The petition essentially raises only two issues for Our consideration because the second and third assignments of errors are interrelated. The first involves the procedural issue of whether or not the CA erred in not dismissing the appeal of respondent PPI for failure to cite the page reference of the original records in its appellate brief. The second is the substantive issue of whether or not the CA erred in reversing the RTC decision compelling PPI to execute new lease contracts.

We shall first deal with the procedural issue.

Lack of page reference in the appellant's brief is a mere formal defect which does not warrant dismissal of the appeal; liberal application of rules of procedure should be applied.

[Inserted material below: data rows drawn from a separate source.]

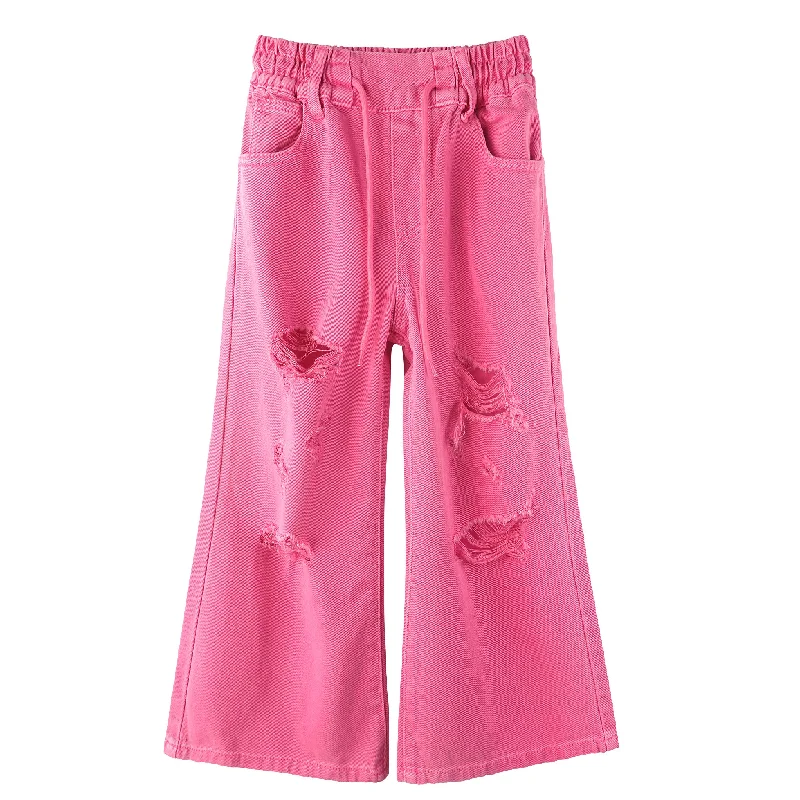 Fashion Jeans for Trendsetter -Girls Wide-leg Colored Denim Jeans, 5-14T Loose Elastic Waist with String Ripped Flared Pants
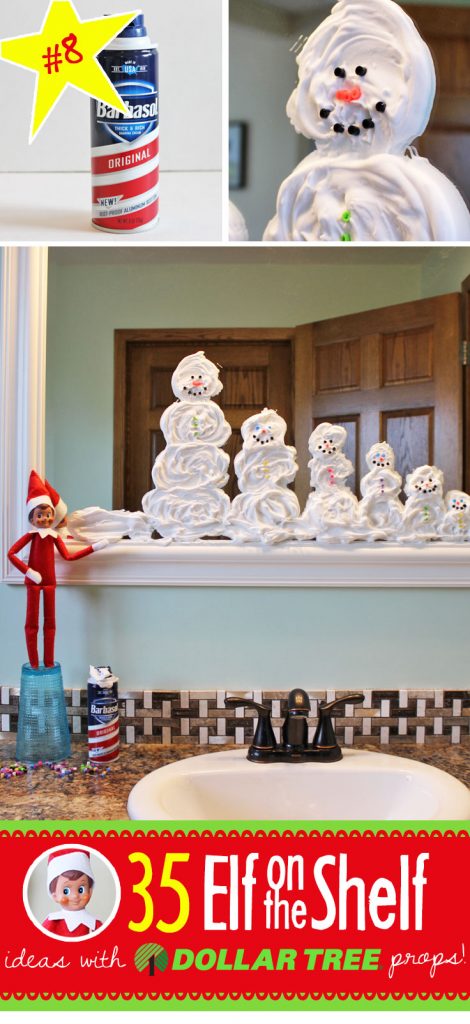 Shaving cream snowmen (one for each member of your family!) and 55+ NEW Elf on the Shelf ideas (and growing!!!) Each funny and clever, each with a Dollar Tree prop and many with free printables!! Your toddler through teens will LOVE these Elf on the Shelf ideas!! #elfontheshelf #ideas #easy #funny #toddler #free #printable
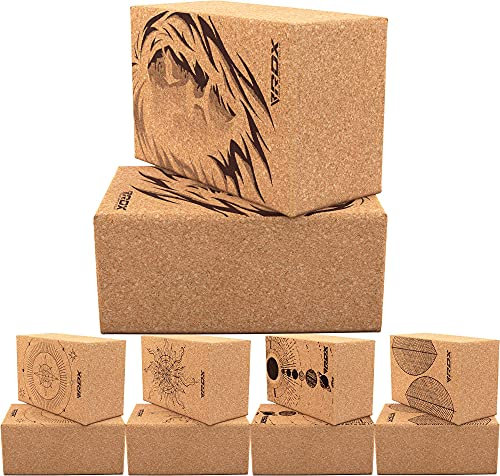 RDX Yoga Cork Block Set, High Density Eva Schaumstoff Rutschfester Blöcke, Leichtes Yogaklotz für Körperbalance Kraftflexibilität Pilates Fitness Unterstützung Heim-Fitnessgeräte 22.5 x14.5x10.2CM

Marman argues that the CA should have dismissed the appeal of petitioner outright because PPI's appellate brief did not make any page reference to the records or rollo of the case as required under Section 13, Rule 44 of the 1997 Rules of Civil Procedure.[29] Marman claims that the absence of the required page reference rendered the appellate brief "nothing more than a pleading filled with unsupported allegations and contentions."[30] Marman insists on strict compliance with the rules of procedure in accordance with the legal principle that an appeal is a mere statutory privilege, which must be exercised only in accordance with law or appropriate procedures.

Admitting the defect, PPI counters that the absence of page reference in its appellant's brief is a mere minor procedural lapse which cannot result in the dismissal of its appeal. PPI asserts that dismissal based purely on procedural technicalities is frowned upon and that rules of procedure should not be applied in a very rigid and technical sense when it overrides substantial justice. PPI prays for a liberal construction of the rules of procedure.[31]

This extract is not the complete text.